- WORK TASK -
Begin at the line with "la communauté internationale" and set down each line exactly until the listing ends. Images stay out.

- DATA PROVIDED -
= = = =

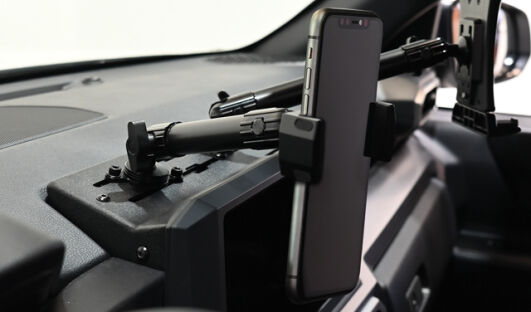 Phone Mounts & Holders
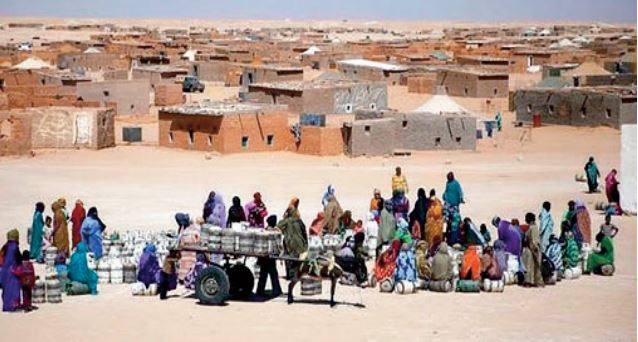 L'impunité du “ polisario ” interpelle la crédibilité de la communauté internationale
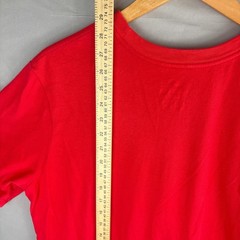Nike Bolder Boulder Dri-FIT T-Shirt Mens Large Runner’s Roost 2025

= = = =

- EXERCISE RESPONSE -
 L'impunité du “ polisario ” interpelle la crédibilité de la communauté internationale
Nike Bolder Boulder Dri-FIT T-Shirt Mens Large Runner’s Roost 2025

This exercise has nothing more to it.